Mau Di Bawa Kemana Century Kita?

“Mau dibawa kemana Century kita?

Jika DPR menunda-nunda dan tak ada keputusan…”

Coba Anda nyanyikan lirik diatas sesuai reff lagu “mau dibawa kemana” dari band Armada. Dan saya kira Anda akan suka menyanyikannya, sama seperti saya.

Sepotong lirik diatas seolah menyadarkan saya untuk mengingat kembali kasus seharga 6.7 trilyun itu, ya benar, kasus yang belum jelas penyelesaiannya (dan saya kira sulit menyelesaikannya), kasus Century.

Kasus Bank Century akhir-akhir ini seolah tenggelam dari peredaran dan terkubur dengan isu-isu yang lebih hot lainnya seperti mafia pajak, reformasi birokrasi, dan lain sebagainya. Jika dianalogikan dengan konteks peradaban, Bank Century inii seperti peradaban Inca-Maya di Meksiko sana, yang terkubur usia, yang telah renta habis termakan zaman karena terkubur peradaban-peradaban baru lainnya -isu-isu baru.red.

Seperti yang kita ketahui, kasus Bank Century cenderung saat ini seperti bola liar yang tidak ada habisnya. Hak angket yang telah dikeluarkan DPR RI terhadap kasus ini menunjukkan bahwa banyak pejabat negara terancam impeachment. Jika beranjak dari UU No. 27 tahun 2009 mengenai MPR, DPR, DPD, dan DPRD, konsekuensi dari dikeluarkannya hak angket adalah keluarnya hak menyatakan pendapat. Inilah yang menjadi permasalahan bersama ketika hak menyatakan pendapat DPR baru dapat dikeluarkan apabila mendapat persetujuan dari rapat paripurna DPR yang dihadiri paling sedikit 3/4 (tiga perempat) dari jumlah anggota DPR yang hadir.

Disisi lain, ada tuntunan kuorum persetujuan hak menyatakan pendapat diturunkan menjadi 50% plus 1 atau 2/3 (dua pertiga) dari jumlah anggota DPR yang hadir melalui judicial review UU No. 27 tahun 2009 ke Mahkamah Konstitusi. Inilah inti permasalahannya, ketika ada perdebatan diantara stakeholders yang ada seperti partai yang berkuasa, partai oposan, LSM, dan DPR sendiri yang menyebabkan kasus ini seperti tidak ada ujungnya.

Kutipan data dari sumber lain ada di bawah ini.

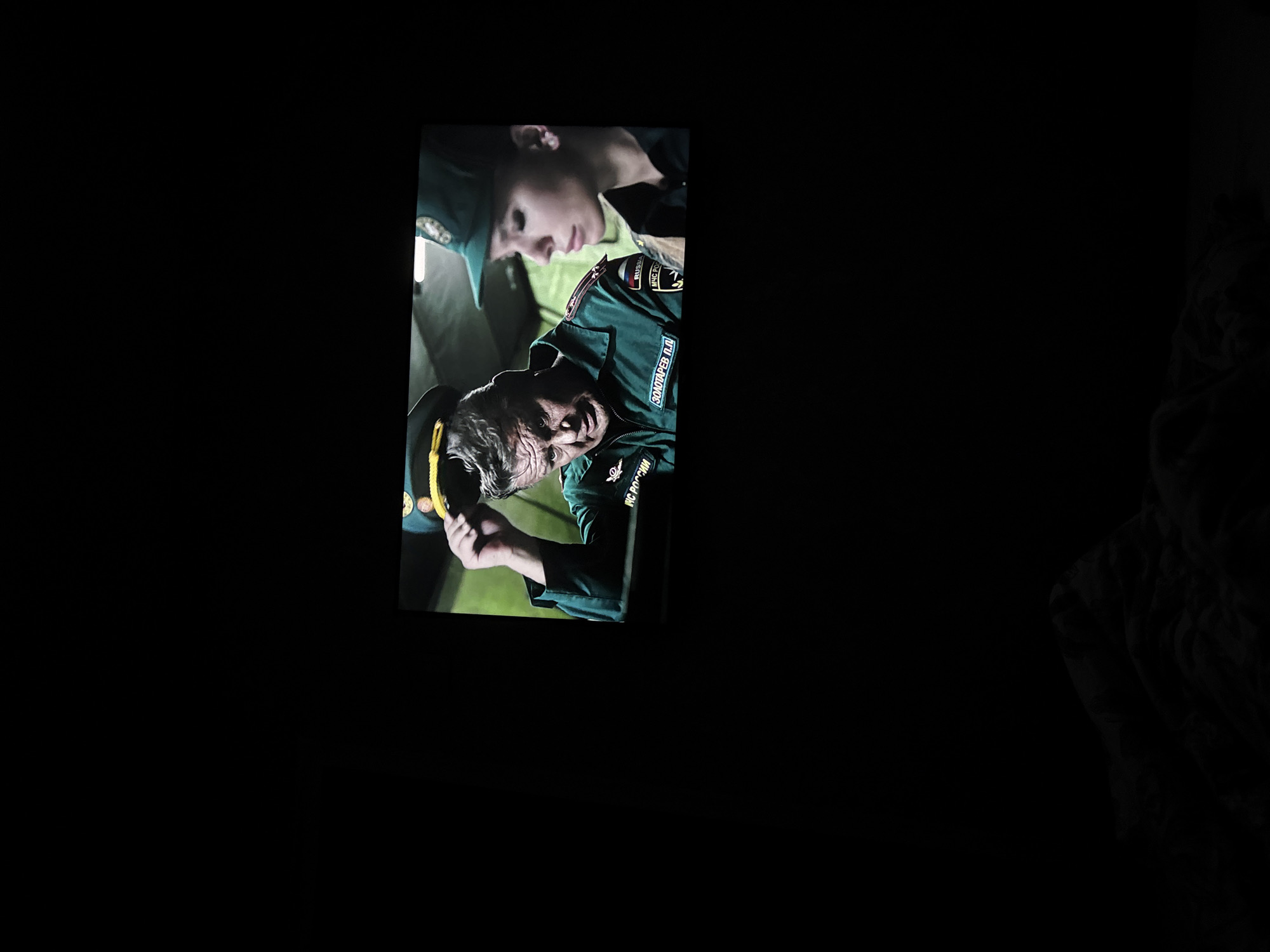 The image displays a screen showing a close-up of two individuals. On the left is a middle-aged man with graying hair, wearing a green uniform with patches and text. He is tipping his hat, revealing a concerned expression. To his right is a young woman, also in uniform, with dark hair and light makeup, looking downwards with a neutral expression. The uniforms appear to be from some sort of emergency service, possibly the Ministry of Emergency Situations of Russia, indicated by the "RUSSIA" and "MЧC POCCИИ" text on their uniforms. The background on the screen is a muted, somewhat blurry green and grey. The overall image is dimly lit, with the screen occupying the central portion and the surrounding area being black. The scene is viewed from a slight angle, and the bottom of the image is predominantly black with some shadowy shapes suggesting a dark room and possibly furniture or a blanket. There is no discernible urban environment or specific location within a city.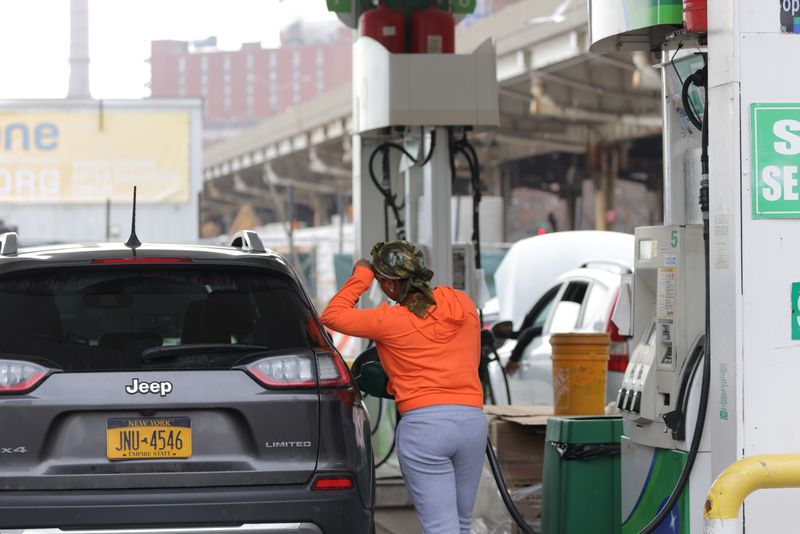 &copy; Reuters. A person uses a petrol pump at a gas station as fuel prices surged in Manhattan, New York City, U.S., March 7, 2022. REUTERS/Andrew Kelly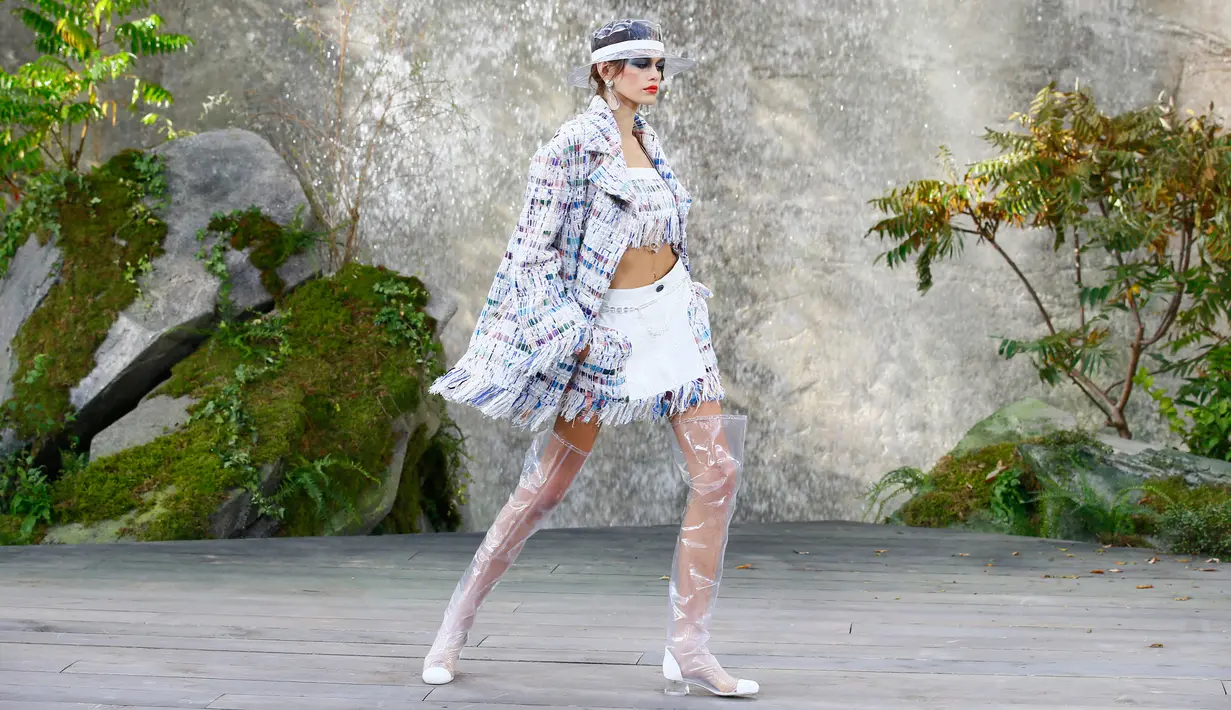 Kaia Gerber mengenakan koleksi Spring/Summer 2018 untuk Chanel selama Paris Fashion Week, Selasa (3/10). Putri mantan supermodel Cindy Crawford ini memakai crop top berumbai dan rok mini dilengkapi jaket berumbai motif senada. (AP Photo/Francois Mori)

Sedang mahasiswa? saya kira mereka masih saya berdiam diri, yang seolah-olah sibuk dengan urusan sendiri. Saya disini tidak tendensius, tidak menyebut mahasiswa dari perguruan tinggi mana. Yang ingin saya sampaikan disini adalah ketika peran mahasiswa sebagai kontrol mulai dipertanyakan. Coba Anda bayangkan, terlebih jika Anda mulai memikirkan, apa jadinya jika mahasiswa yang katanya independen mulai mengurangi kualitas dirinya sebagai kontrol pemerintah. Jika melihat konstelasi politik saat ini terlebih untuk kasus ini, saya kira banyak kepentingan yang bermain disini. Kebanyakan dari mereka adalah LSM-LSM yang saya katakan busuk karena kepentingan pragmatis mereka. Ada yang menuntut Sri Mulyani-Boediono turun, ada yang menuntut SM atau B saja yang turun, ada juga yang menyokong mereka untuk tidak turun, dan atau yang lebih ekstim lagi, keapatisan dengan kasus ini.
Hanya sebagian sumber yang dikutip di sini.